Before going any further, I need to clarify the term ”high rise.” In the performance market, a manifold with a carburetor-mounting pad that is physically higher than the stock unit is often considered to be a highrise intake. But do not confuse a high-rise manifold with a high-rise FE cylinder-head definition. You can indeed purchase a so-called “highrise” intake that fits on low-riser heads, but a “high-riser” intake does not fit on those heads at all.
Performance aftermarket intakes from the 1960s emulated Ford’s offerings with dedicated high-riser, low-riser, and medium-riser designs. Most current aftermarket intakes would be best defined as having a medium-riser port design with the raised floor.

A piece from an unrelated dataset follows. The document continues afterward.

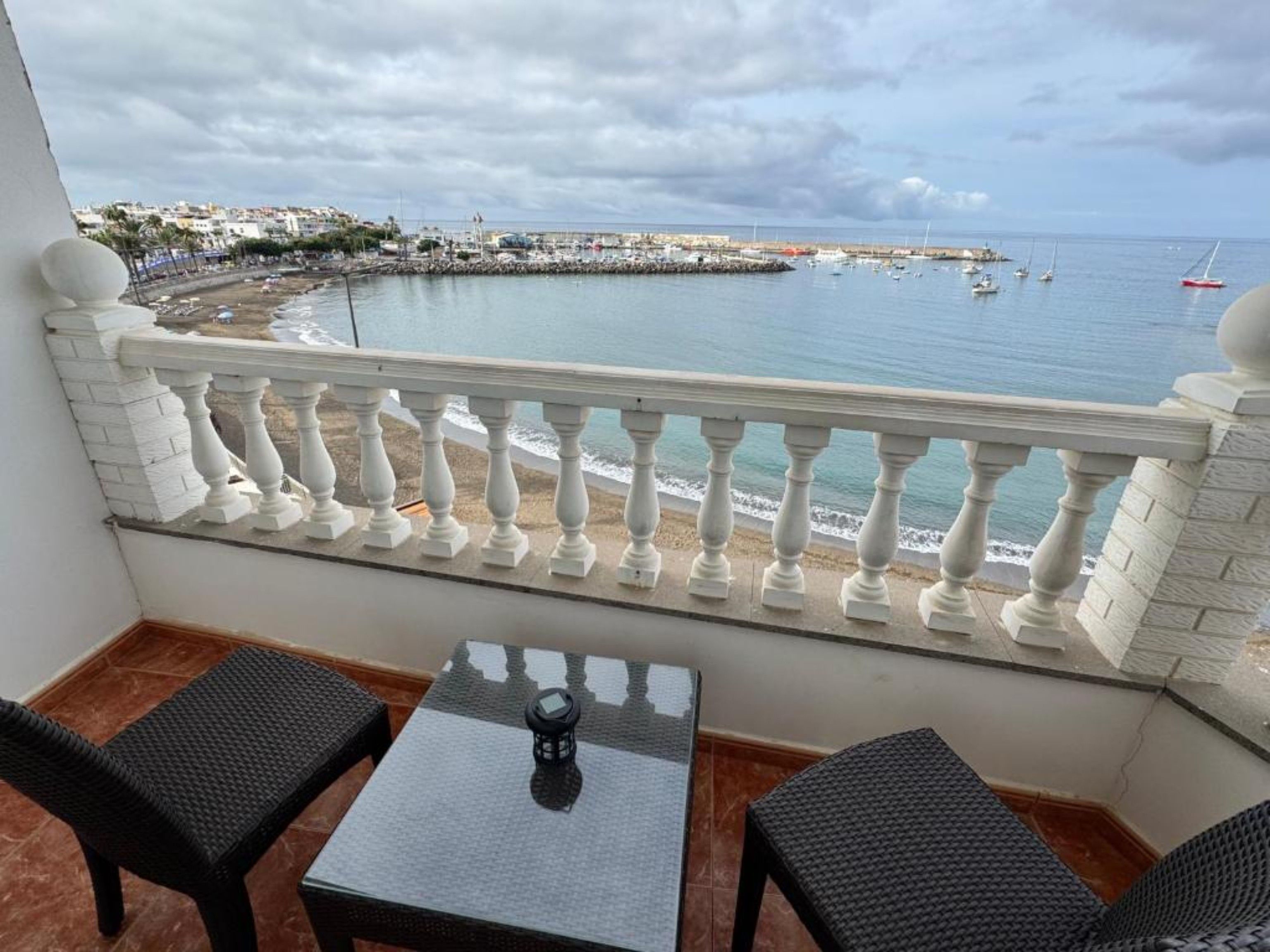 Un balcón con vista al mar, una mesa y dos sillas.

All of them incorporate a large enough gasket flange to fit on and seal to the more common OEM low-riser-style heads, as well as the medium-riser variations.
Aftermarket Dual-Plane Intakes
Dual-plane intake manifolds, with the port runners split into upper and lower groups and having a divided plenum, are the most popular choice for street-oriented builds. The dual-plane design has proven to deliver quick throttle response, excellent acceleration, and good driving characteristics. Virtually every OEM carbureted intake that was ever installed onto a production vehicle was a dual-plane design; that is no accident.
Used, older aftermarket dualplane intakes are readily available at fairly low cost, usually far lower than the price of a comparable factory performance part. If you are working on a budget or are seeking a 1960s/1970s appearance for your engine, one of these parts is a viable selection. Performance potential is generally decent—certainly equal to or better than most factory offerings. The patina and cosmetics “fit” the look of many FE-powered vehicles. Although the dual-plane intakes are acceptable for a street build, these older aftermarket intakes are not the best choice for a race build. Some of these, notably the older Edelbrock F-427, have a cult following of sorts and command a price premium at the swap meets.
A Blue Thunder Weber intake is shown installed. This is only available for medium-riser heads, and is cast with a fairly small port. Many Shelby Cobra owners have used Weber intakes and carbs, and they are very attractive when installed. They are available in either a straight mounting or a 15-degree inward-angled mounting for scoop clearance on a Cobra.
Dove high-riser versus medium-riser Tunnel Wedge intakes. What’s interesting is that these Tunnel Wedge intakes provide exceptional performance while maintaining respectable street manners.
This is the rear view of the Dove high-riser and mediumriser Tunnel Wedge intakes. While similar in design, the difference in plenum size and height can be seen when the intakes are set alongside each other.
Dual-plane intakes have undergone continuous development over the past 30 years, and the FE has been a beneficiary of those efforts. The current Edelbrock Performer RPM is among the best intakes available for any street-oriented project, as well as for many race engines. The Performer RPM performed extremely well in Jay Brown’s comparative testing and has been proven to be capable of supporting more than 600 hp in my own dyno development work. For a project builder who wants an intake that is cost effective, readily available, and has power delivery potential, you cannot go wrong with a Performer RPM.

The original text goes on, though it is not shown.